--- START ---

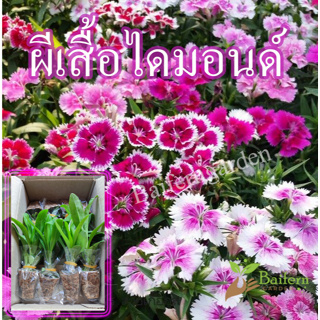 ต้นกล้าดอกผีเสื้อไดมอนด์คละสี ดอกไม้กินได้ รากเยอะพร้อมปลูกออกดอกตลอดทั้งปี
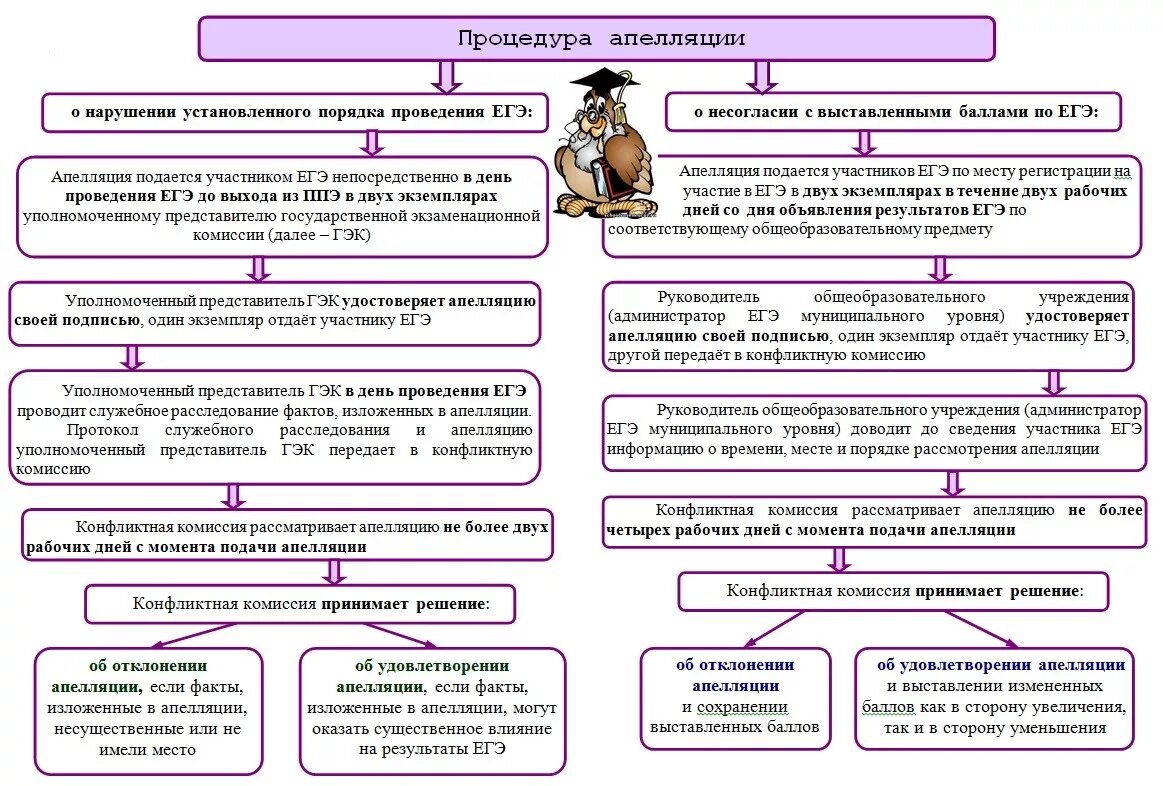 Порядок подачи апелляции ЕГЭ 2022. Памятка об апелляции по ЕГЭ. Порядок апелляции ГИА. Рассмотрение апелляции по ЕГЭ.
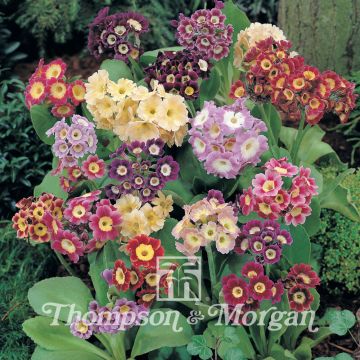 Primula auricula Douglas Prize Mix - Primula orecchia d'orso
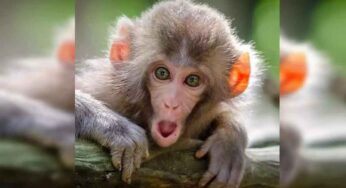 Monkey In Dream : క‌ల‌లో కోతి క‌నిపించిందా.. అయితే జ్యోతిష్య శాస్త్రం ప్ర‌కారం ఏం జ‌రుగుతుందో తెలుసా..?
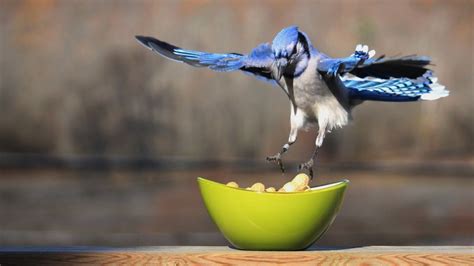 Blue Jay Foods: What Do Blue Jays Eat?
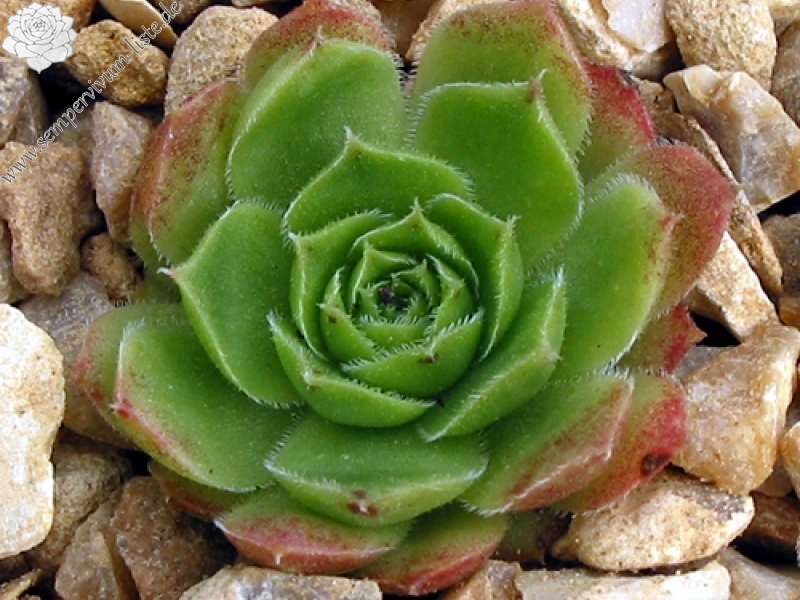 Lovely Green / Jovi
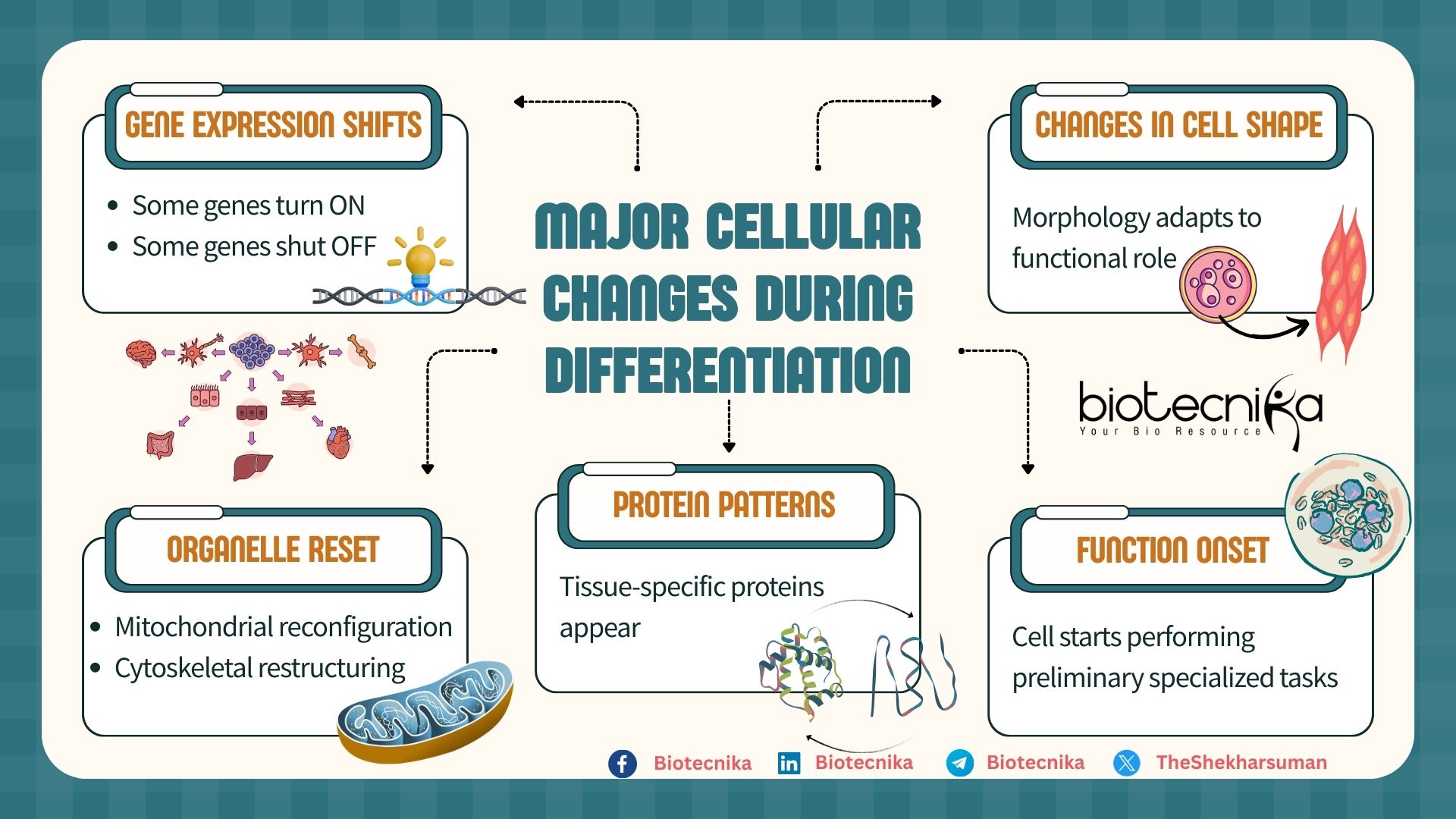 Stem Cell Biology- Major Cellular Changes During Differentiation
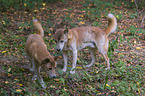 New Guinea Singing dog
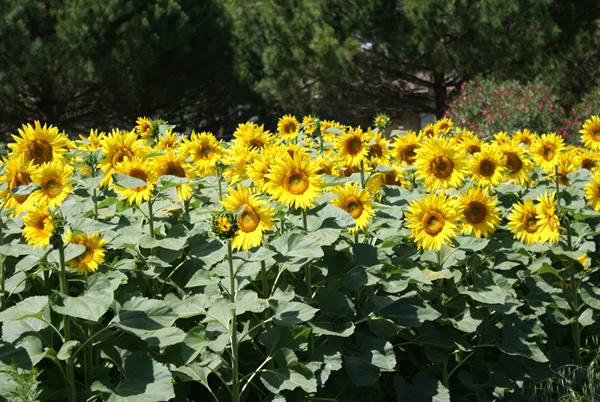 i girasoli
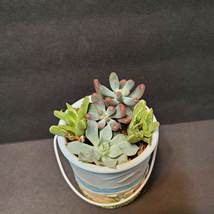 Succulent Arrangement in Upcycled Planter, Yankee Candle Holder, Beach decor image 5
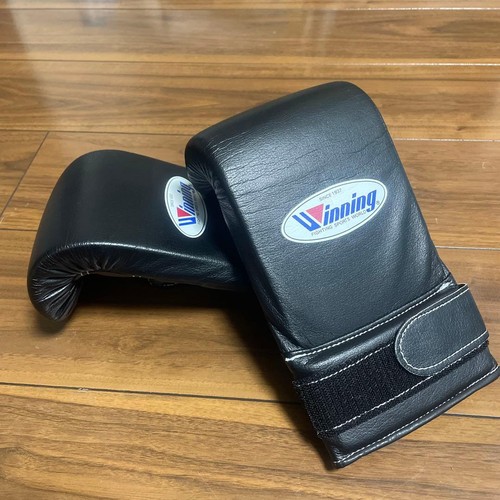 Winning bag punching gloves - bag,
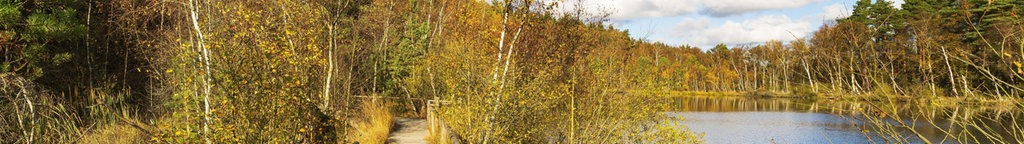 ein Bohlenweg durchs Moor im Herbst mit Blick auf einen kleinen See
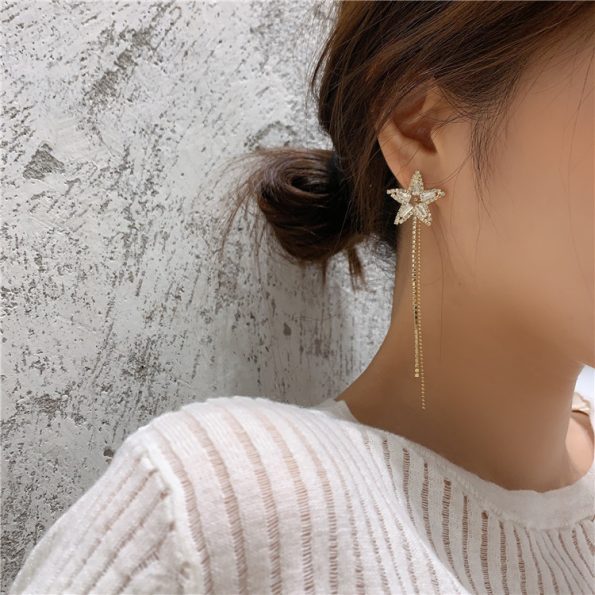 Drop Earrings (1)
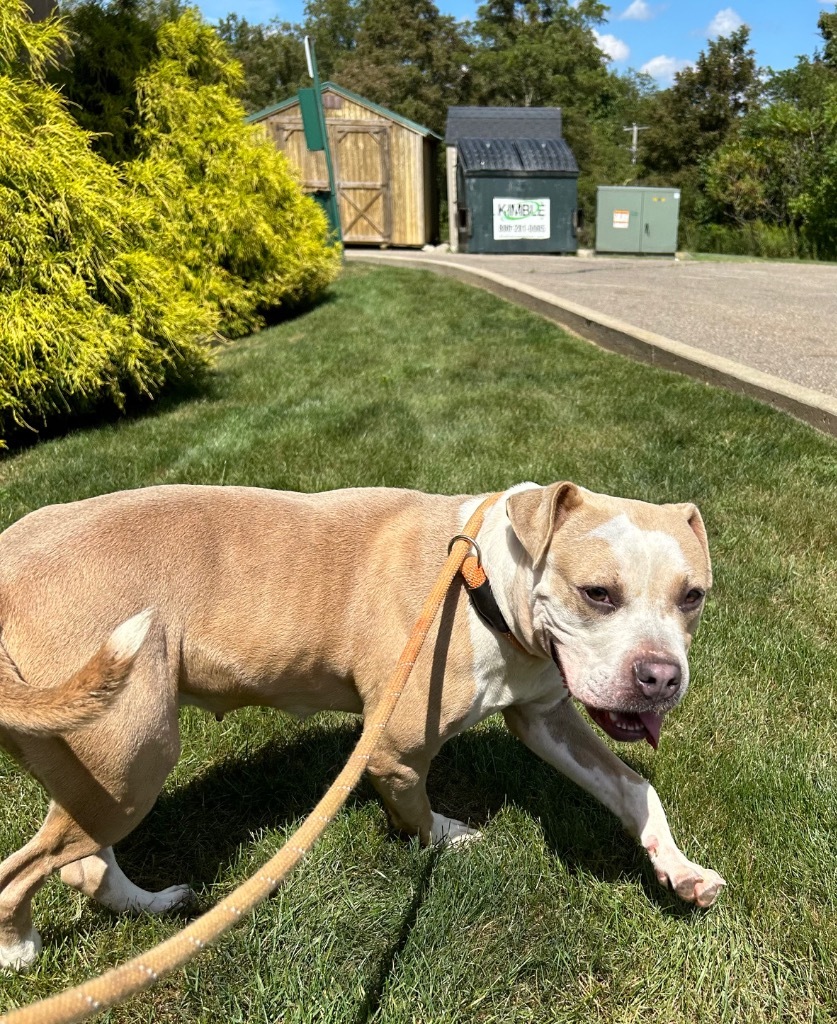KOHL'S, an adoptable Terrier in Wintersville, OH, 43952 | Photo Image 5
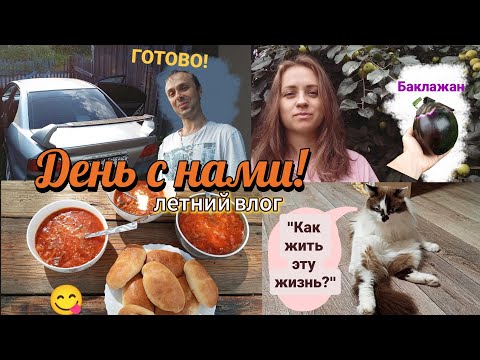 Видео: Делаем химчистку авто/Обрезаю клубнику/Вырастила большой баклажан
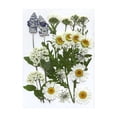 thumbnail image 2 of Dried Flower Craft Kit For Diy Enthusiasts Create Beautiful Decorations At Home, 2 of 9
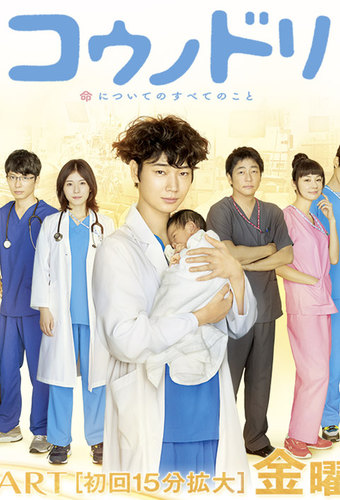 Dr. STORKS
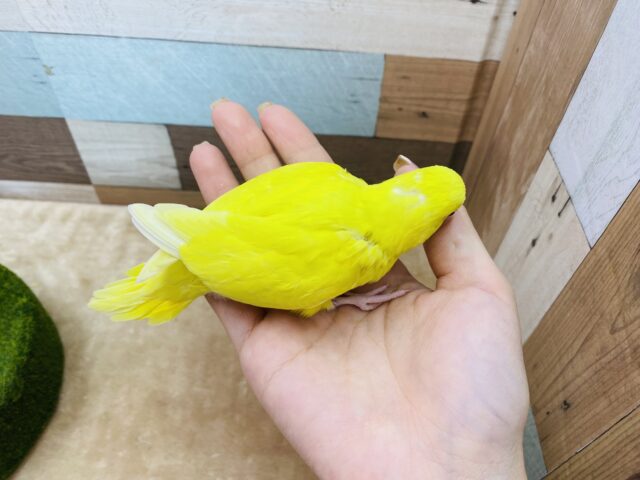 セキセイインコ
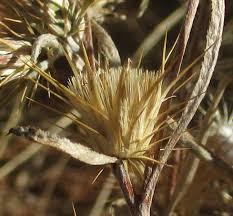 Image result for Dicoma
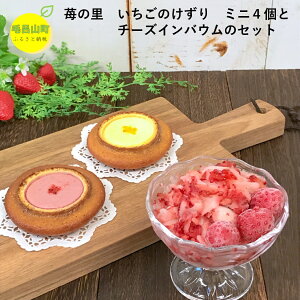 yӂ邳Ɣ[Łz䕂̗@̂~j4 & `[YCoE4Zbg
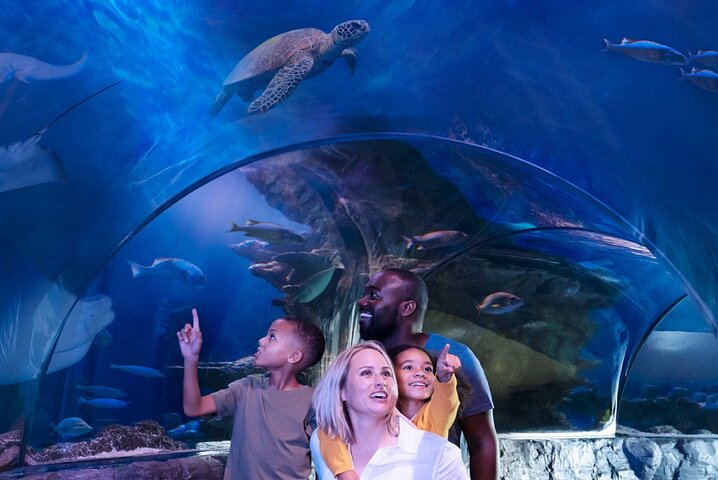SEA LIFE Aquarium Minnesota Admission Ticket At Mall Of America - thumb 2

--- END ---

◆ **EXERCISE REQUIREMENTS**
Make an exact copy of the listing above. Do not include the pictures.

◆ **SOLUTION TO THE PROBLEM**
 ต้นกล้าดอกผีเสื้อไดมอนด์คละสี ดอกไม้กินได้ รากเยอะพร้อมปลูกออกดอกตลอดทั้งปี
 Порядок подачи апелляции ЕГЭ 2022. Памятка об апелляции по ЕГЭ. Порядок апелляции ГИА. Рассмотрение апелляции по ЕГЭ.
 Primula auricula Douglas Prize Mix - Primula orecchia d'orso
 Monkey In Dream : క‌ల‌లో కోతి క‌నిపించిందా.. అయితే జ్యోతిష్య శాస్త్రం ప్ర‌కారం ఏం జ‌రుగుతుందో తెలుసా..?
 Blue Jay Foods: What Do Blue Jays Eat?
 Lovely Green / Jovi
 Stem Cell Biology- Major Cellular Changes During Differentiation
 New Guinea Singing dog
 i girasoli
 Succulent Arrangement in Upcycled Planter, Yankee Candle Holder, Beach decor image 5
 Winning bag punching gloves - bag,
 ein Bohlenweg durchs Moor im Herbst mit Blick auf einen kleinen See
 Drop Earrings (1)
KOHL'S, an adoptable Terrier in Wintersville, OH, 43952 | Photo Image 5
 Видео: Делаем химчистку авто/Обрезаю клубнику/Вырастила большой баклажан
 thumbnail image 2 of Dried Flower Craft Kit For Diy Enthusiasts Create Beautiful Decorations At Home, 2 of 9
 Dr. STORKS
 セキセイインコ
 Image result for Dicoma
 yӂ邳Ɣ[Łz䕂̗@̂~j4 & `[YCoE4Zbg
SEA LIFE Aquarium Minnesota Admission Ticket At Mall Of America - thumb 2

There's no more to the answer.